The answer to this question must be that she enjoyed stories and poems and satire more than she enjoyed Latin and astronomy. Consider how Paula Byrne describes Austen’s juvenilia:
“These are the earliest works of Jane Austen, copied in her best hand and preserved by her. Why did she write them out this way? First and foremost, for the amusement of her family, Pasted to the inside front board of Volume the First, the most worn of the three, is a note penned by [Austen’s sister Cassandra] after her sister’s death: ‘For my brother Charles. I think I recollect that a few of the trifles in this Vol. were written expressively for his amusement.’ But Jane Austen also to the trouble of creating these books, which involved much labor with goose quill and inkwell, so as to present herself, at least in her own imagination, as a professional author. Though written by hand, the volumes have the accoutrements of proper published books: contests lists, dedications, chapter divisions. Even as a teenager, Jane Austen knew what she wanted from life: to be a writer.”[4]
This description indicates a nuanced relationship between passion and the craftsman’s mindset in the young Jane Austen. Clearly, she very much enjoyed the books she was reading or had read aloud to her. These works—representing, for well or ill, the traditions of fiction and poetry, and even of historical writing, of her day—fired her imagination and gave her a passion to imitate them. Pace Newport, there had to have been in Austen a pre-existing passion, or else she would never have asked her father (as she no doubt did) for the gift of the three vellum notebooks.
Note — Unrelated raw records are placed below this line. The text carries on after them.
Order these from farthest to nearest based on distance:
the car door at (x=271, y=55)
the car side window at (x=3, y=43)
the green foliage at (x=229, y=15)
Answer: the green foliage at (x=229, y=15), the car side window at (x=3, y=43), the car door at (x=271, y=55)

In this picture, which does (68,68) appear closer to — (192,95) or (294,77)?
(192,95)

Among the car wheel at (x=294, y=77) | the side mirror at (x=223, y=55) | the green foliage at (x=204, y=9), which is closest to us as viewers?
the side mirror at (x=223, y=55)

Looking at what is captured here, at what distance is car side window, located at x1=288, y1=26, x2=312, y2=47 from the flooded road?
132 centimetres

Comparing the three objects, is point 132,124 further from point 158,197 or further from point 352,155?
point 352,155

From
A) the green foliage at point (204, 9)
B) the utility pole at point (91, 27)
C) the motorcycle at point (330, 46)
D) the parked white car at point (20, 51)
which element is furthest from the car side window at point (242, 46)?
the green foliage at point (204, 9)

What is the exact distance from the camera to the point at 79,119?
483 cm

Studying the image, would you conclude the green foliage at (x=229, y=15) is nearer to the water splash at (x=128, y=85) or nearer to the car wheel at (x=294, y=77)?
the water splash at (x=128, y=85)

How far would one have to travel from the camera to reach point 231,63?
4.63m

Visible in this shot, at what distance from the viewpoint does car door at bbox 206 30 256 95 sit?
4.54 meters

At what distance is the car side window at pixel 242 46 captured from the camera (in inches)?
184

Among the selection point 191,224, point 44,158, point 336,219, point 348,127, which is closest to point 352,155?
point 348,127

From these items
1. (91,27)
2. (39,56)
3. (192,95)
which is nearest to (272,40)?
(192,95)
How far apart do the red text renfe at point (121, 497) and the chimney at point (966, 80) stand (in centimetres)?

Granted, her teenage passion to be a writer may not have been as clear as Byrne describes it. It may have taken some time to crystallize. But there was at least a sense of amusement that inspired her to sit down with the goose quill and inkwell and begin to imitate. Her craftsman’s mindset developed as she imitated—at first, just for fun, and later, for more serious reasons.
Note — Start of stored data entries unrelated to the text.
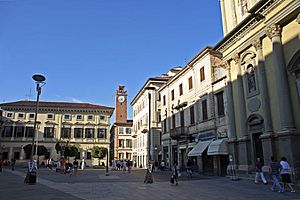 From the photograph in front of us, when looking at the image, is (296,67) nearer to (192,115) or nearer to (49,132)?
(192,115)

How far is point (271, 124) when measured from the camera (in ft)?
55.9

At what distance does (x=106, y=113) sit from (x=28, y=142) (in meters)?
17.3

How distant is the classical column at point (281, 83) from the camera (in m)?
15.4

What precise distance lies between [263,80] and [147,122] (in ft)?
105

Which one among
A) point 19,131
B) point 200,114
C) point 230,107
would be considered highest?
point 19,131

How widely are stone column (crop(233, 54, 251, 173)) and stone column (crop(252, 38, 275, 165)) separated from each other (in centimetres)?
222

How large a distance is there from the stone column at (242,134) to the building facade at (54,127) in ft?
141

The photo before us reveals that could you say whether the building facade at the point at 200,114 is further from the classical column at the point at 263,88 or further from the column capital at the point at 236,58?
the classical column at the point at 263,88

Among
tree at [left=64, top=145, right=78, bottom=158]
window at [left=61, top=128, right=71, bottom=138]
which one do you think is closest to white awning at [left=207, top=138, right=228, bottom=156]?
tree at [left=64, top=145, right=78, bottom=158]

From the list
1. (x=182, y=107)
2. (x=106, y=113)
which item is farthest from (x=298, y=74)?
(x=106, y=113)

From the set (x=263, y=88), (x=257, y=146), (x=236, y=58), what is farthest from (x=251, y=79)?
(x=257, y=146)

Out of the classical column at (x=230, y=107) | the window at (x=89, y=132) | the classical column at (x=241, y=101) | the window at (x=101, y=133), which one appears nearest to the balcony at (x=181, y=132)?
the classical column at (x=230, y=107)

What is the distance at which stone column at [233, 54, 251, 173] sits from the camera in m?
19.5

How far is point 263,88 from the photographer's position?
17688 mm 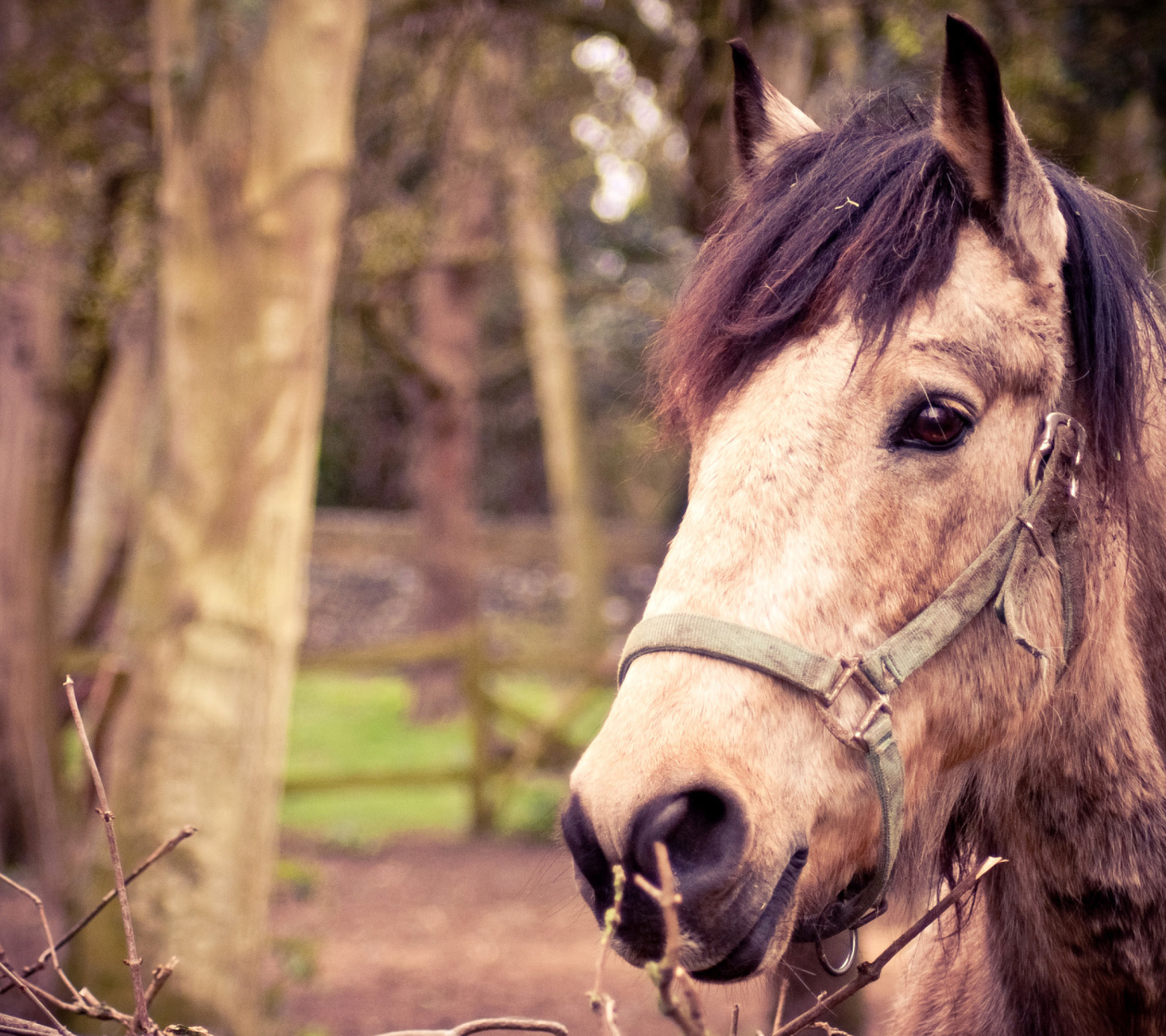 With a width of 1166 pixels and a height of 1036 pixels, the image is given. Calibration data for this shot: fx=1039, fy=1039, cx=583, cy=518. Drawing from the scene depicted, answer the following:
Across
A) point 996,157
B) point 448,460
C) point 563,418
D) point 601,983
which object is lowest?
point 448,460

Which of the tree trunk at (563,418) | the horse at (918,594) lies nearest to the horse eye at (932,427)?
the horse at (918,594)

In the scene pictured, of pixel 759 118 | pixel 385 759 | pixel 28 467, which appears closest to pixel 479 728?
pixel 385 759

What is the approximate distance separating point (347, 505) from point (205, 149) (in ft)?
66.1

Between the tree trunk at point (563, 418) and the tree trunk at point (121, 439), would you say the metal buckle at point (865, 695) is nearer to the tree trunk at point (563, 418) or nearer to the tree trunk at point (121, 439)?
the tree trunk at point (121, 439)

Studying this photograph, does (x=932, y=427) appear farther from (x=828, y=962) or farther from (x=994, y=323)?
(x=828, y=962)

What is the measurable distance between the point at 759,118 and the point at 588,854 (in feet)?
5.43

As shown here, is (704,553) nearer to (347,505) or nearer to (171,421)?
(171,421)

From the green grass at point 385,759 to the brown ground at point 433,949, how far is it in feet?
2.15

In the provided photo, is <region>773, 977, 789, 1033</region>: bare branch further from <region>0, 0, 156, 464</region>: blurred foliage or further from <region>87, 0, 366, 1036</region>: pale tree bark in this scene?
<region>0, 0, 156, 464</region>: blurred foliage

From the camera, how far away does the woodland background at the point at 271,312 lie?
3.68 metres

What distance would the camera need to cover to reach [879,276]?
1.78 meters

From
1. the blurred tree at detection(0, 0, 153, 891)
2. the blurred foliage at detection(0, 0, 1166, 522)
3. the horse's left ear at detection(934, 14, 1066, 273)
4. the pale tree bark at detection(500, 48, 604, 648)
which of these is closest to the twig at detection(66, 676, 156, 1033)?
the horse's left ear at detection(934, 14, 1066, 273)

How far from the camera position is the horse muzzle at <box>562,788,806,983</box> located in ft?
4.76

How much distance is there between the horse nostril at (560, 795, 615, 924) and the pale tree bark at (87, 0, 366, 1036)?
8.16 ft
But again, Newport is surely right that, when it comes to obtaining rare and valuable skills, skill trumps passion. For passion alone did not produce Austen’s marvelous juvenilia, much less her mature fiction. Without a craftsman’s mindset, Jane Austen would never have produced the writing in those three vellum notebooks, an extraordinary accomplishment that no doubt spurred in her an even greater and more focused passion for writing.
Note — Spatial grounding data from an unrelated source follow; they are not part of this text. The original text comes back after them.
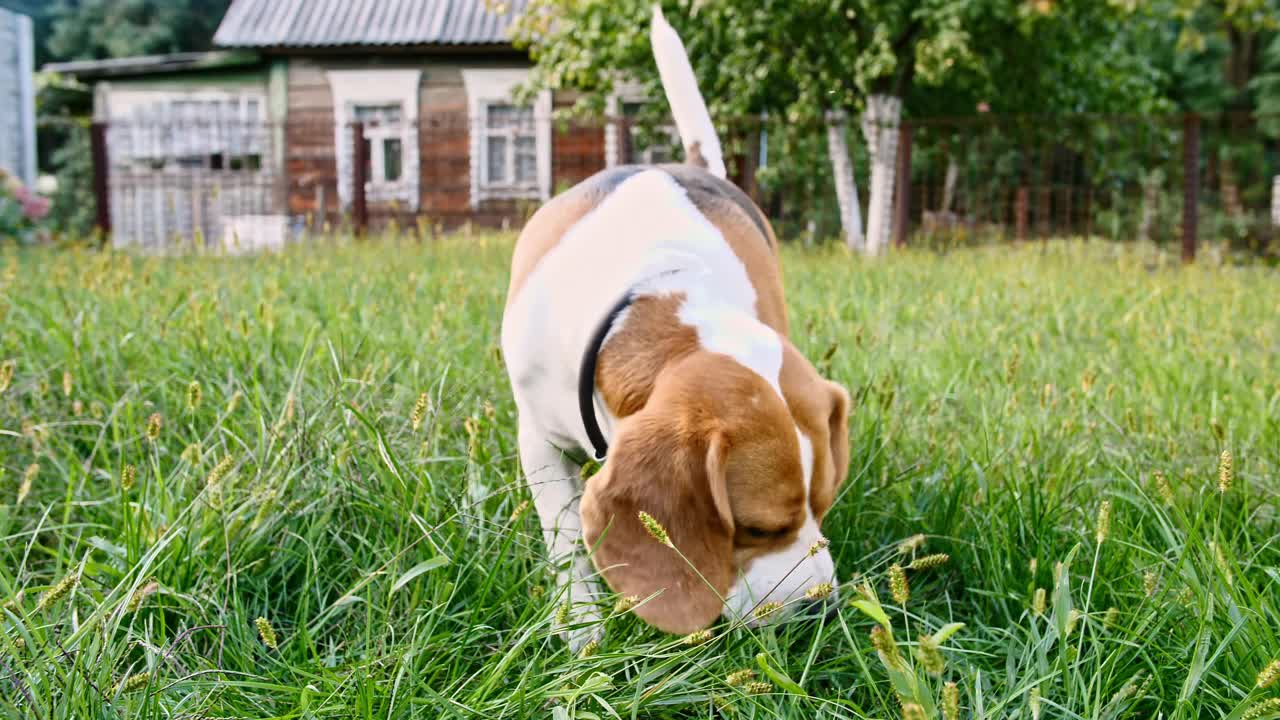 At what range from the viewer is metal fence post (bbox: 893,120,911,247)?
36.7 ft

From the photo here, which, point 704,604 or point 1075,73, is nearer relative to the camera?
point 704,604

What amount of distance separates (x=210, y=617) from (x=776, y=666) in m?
1.05

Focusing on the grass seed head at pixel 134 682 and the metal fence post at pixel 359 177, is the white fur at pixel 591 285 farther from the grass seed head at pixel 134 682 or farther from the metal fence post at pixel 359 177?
the metal fence post at pixel 359 177

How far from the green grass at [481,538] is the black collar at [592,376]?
25 cm

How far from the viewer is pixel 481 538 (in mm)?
1996

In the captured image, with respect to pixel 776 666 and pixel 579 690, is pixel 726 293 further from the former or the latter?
pixel 579 690

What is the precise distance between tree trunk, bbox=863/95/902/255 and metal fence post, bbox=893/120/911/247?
15 centimetres

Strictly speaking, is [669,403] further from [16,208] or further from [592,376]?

[1] I quote freely here from Chapter 3 of Byrne’s charming biography of Austen, The Real Jane Austen: A Life in Small Things (New York: HarperCollins, 2013). The chapter is entitled “The Vellum Notebooks.”
[2] See Matthew Crawford, The World Beyond Your Head: On Becoming an Individual in An Age of Distraction (New York: Farrar, Straus and Giroux, 2015), especially Chapter 6; and Cal Newport, So Good They Can’t Ignore You: Why Skills Trump Passion in the Quest for the Work You Love (London: Piatkus, 2016), especially Chapter 4. I draw freely from these writers throughout this post, though I also have in mind the philosophical work on skilled practices done by Alasdair MacIntyre.
[3] I draw here not only upon Cal Newport, who in turn draws upon Anders K. Ericsson’s seminal work on deliberate practice, but also upon various discussions of deliberate practice by Dr. Kevin Majeres on his Optimal Work podcast.
[4] Byrne, The Real Jane Austen, 54.
*** The photograph at the top of this post is of Jane Austen’s writing desk at her home in the village of Chawton, near Alton in Hampshire, where she lived from 1809 until her death in 1817. It was taken by me last summer when my wife and I enjoyed a wonderful day at the Jane Austen’s House Museum.